Treatment of melasma remains challenging due to repigmentation once therapy is discontinued. Melasma prevalence in the general population is not well established, and available data suggest that it varies according to sex, ethnicity, and skin phototype [1,17]. Overall, the prevalence of melasma is around 1% in the general population. Conversely, in high-risk populations (women, pregnant women, and individuals with skin phototypes III and IV), prevalence ranges from 20% to 50% [1,17,18,19,20,21]. The efficacy of melasma treatments depends on individual responsiveness and the chosen therapeutic approach. Clinically, topical skin-lightening agents are considered first-line therapy for mild melasma. However, moderate to severe cases typically require a combination of two or more therapeutic techniques. Therapeutic approaches can be grouped into: (I) energy-free therapies, including topical pharmacological treatment (e.g., hydroquinone, triple-combination cream, azelaic acid, tranexamic acid), platelet-rich plasma, sunscreen, oral treatments (e.g., Polypodium leucotomos, tranexamic acid), chemical peels, and microneedling [22,23,24]; and (II) energy-dependent therapies [25], such as intense pulsed light, Q-switched laser, picosecond laser, and fractional CO₂ laser. Energy-free therapies generally induce fewer side effects compared with energy-dependent therapies. However, the latter typically produce a faster therapeutic response and may lead to temporary melasma clearance. On the other hand, patients undergoing energy-dependent treatment are more prone to repigmentation and/or melasma worsening [24]. Although individual variability in treatment response cannot be ruled out, there is still no consensus on which therapies effectively improve both MASI scores and quality of life as measured by a validated scale. Therefore, this study aimed to evaluate the reported efficacy of different treatment techniques on melasma-affected area and patient quality of life through a systematic review and meta-analysis, as well as to investigate a potential relationship between melasma severity and patients’ quality of life.

2. Results

In this study, 1296 scientific records were extracted from the targeted databases (Figure 1). A total of 414 duplicates were detected and removed, resulting in 882 articles. After reading the titles and abstracts, 750 records were excluded according to the eligibility criteria. This process resulted in 132 eligible articles, which were then submitted to full-text reading. The full-text analysis led to 71 exclusions (Table S1) based on relevance to the criteria, and an additional 20 exclusions (Table S1) were made due to insufficient information regarding MASI and/or MELASQoL scores, missing baseline data, and/or biased experimental design. Therefore, we synthesized the information gathered as a qualitative analysis using the final 41 selected articles.
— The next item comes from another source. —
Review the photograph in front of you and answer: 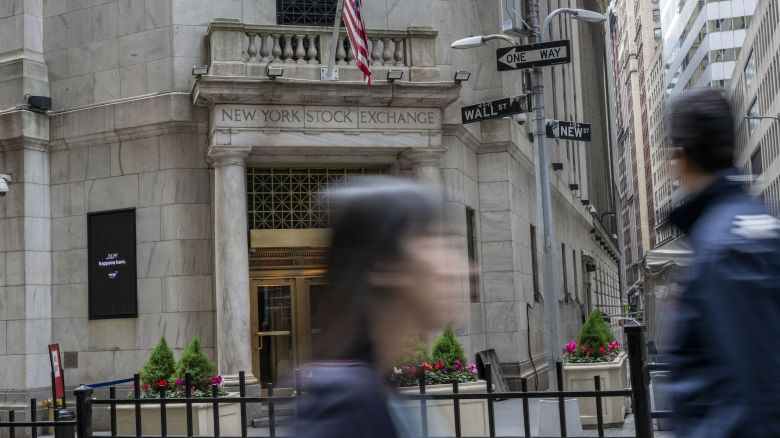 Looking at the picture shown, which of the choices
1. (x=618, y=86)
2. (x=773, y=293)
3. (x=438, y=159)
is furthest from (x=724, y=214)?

Among the final sample, only 10 articles evaluated the correlation between MASI and MELASQoL, and 31 articles assessed melasma before and after treatment and the putative impact on MASI and MELASQoL. Finally, 23 papers—those from which we retrieved data on the treatment effect on MASI and MELASQoL—contained 34 studies (some papers included two or more studies) evaluating a total of 1203 patients (total number at the end of the study) and were included in the quantitative analysis.

2.1. Quality Assessment

The risk of bias in the studies selected for the systematic review and meta-analysis is shown in Figure S1. The risk of bias analysis for non-randomized studies (ROBINS-I tool) was applied to 29 studies, in which we detected high risk of bias in 15 studies (51.7%), moderate risk in 9 studies (31.0%), and low risk in 5 studies (17.3%). This final assessment resulted from the balance between high- and low-risk domain classifications. Bias in the measurement of interventions proved to be a critical domain for the quality analysis, as 55.2% of the studies exhibited moderate to high risk of bias in this category. Conversely, in the domain of bias due to departures from intended interventions, 96.6% of all non-randomized studies demonstrated a low risk of bias.
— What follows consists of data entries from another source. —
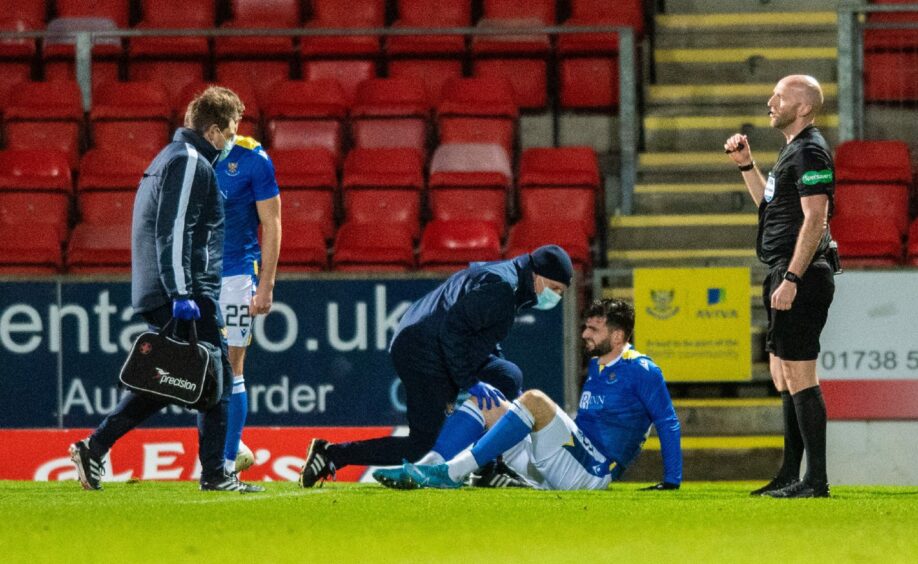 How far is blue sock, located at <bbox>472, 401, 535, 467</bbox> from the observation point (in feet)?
24.2

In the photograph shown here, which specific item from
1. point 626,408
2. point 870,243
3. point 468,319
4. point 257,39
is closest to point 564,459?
point 626,408

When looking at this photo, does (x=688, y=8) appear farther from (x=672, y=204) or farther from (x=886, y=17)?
(x=672, y=204)

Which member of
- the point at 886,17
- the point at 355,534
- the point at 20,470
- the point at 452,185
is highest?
the point at 886,17

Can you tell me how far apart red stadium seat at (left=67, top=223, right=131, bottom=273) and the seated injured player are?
4.05 m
The risk of bias in randomized studies was assessed using the RoB 2 tool (Figure S1) for the 12 randomized studies included in this systematic review. We detected high risk of bias in 4 studies (33.3%), moderate risk in 4 studies (33.3%), and low risk in 4 studies (33.3%). The high-risk studies were particularly problematic in domains 2 and 4, which assessed deviations from intended interventions and deviations in outcome measurement, respectively. In these studies, we noted a lack of information about the nature and design of the intervention, or they were open-label studies, potentially affecting the interpretation of the outcomes.

2.2. Sample Origin

The systematically selected studies were performed in several countries, namely, Brazil, India, South Korea, Indonesia, Peru, France, the United States of America, Mexico, Pakistan, China, South Africa, Iran, Lebanon, Germany, and Singapore. The reported sample origins were mainly from tropical and/or highly populated countries, which may have a high number of patients suffering from melasma. The major study sample evaluating the MASI and MELASQoL relationship was from China (n = 470 patients) [26] (Table 1). In the group of studies qualified for the meta-analysis, the main study sample evaluating MASI and MELASQoL before and after treatment evaluated 244 patients divided into two treatment groups [27] (Table 2).
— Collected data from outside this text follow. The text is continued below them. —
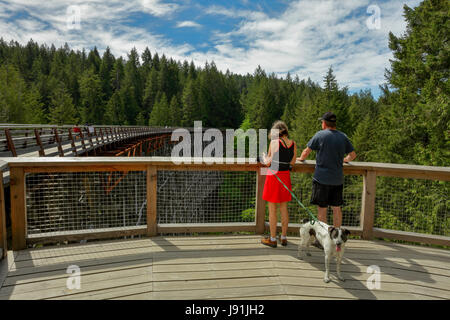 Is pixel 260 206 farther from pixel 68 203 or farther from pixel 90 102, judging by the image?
pixel 90 102

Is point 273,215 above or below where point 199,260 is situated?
above

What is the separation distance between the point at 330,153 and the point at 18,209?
3.99 meters

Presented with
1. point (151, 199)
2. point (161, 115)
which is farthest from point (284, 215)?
point (161, 115)

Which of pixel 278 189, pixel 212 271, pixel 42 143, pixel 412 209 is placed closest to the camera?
pixel 212 271

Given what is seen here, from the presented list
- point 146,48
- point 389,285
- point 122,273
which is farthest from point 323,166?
point 146,48

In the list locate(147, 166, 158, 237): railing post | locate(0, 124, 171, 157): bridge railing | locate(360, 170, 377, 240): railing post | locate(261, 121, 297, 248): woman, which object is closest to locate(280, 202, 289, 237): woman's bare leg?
locate(261, 121, 297, 248): woman

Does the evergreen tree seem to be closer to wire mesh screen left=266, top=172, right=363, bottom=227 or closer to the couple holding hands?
wire mesh screen left=266, top=172, right=363, bottom=227

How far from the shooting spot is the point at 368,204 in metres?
4.02

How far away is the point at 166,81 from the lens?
89625 millimetres

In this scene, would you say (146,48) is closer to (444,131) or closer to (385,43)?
(385,43)

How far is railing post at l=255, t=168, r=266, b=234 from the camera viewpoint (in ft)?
13.3

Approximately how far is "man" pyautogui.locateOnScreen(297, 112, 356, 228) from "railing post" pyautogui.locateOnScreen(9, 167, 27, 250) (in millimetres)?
3660

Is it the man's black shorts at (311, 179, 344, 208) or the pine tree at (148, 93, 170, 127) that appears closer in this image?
the man's black shorts at (311, 179, 344, 208)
2.3. Sample Characterization

Studies that only observed the MASI and MELASQoL relationship included 1343 subjects, from which 1133 (84.3%) were females, 81 (6.1%) were males, and 129 (9.6%) subjects did not disclose sex. The ages of these subjects ranged from 20 to 68 years old (Table 1). Studies evaluating MASI and MELASQoL before and after treatment included 1434 subjects ranging from 20 to 60 years old, of which 1348 (94.0%) were females, 53 (3.7%) were males, and 33 (2.3%) did not disclose sex. The ages of these subjects ranged from 20 to 60 years old (Table 2).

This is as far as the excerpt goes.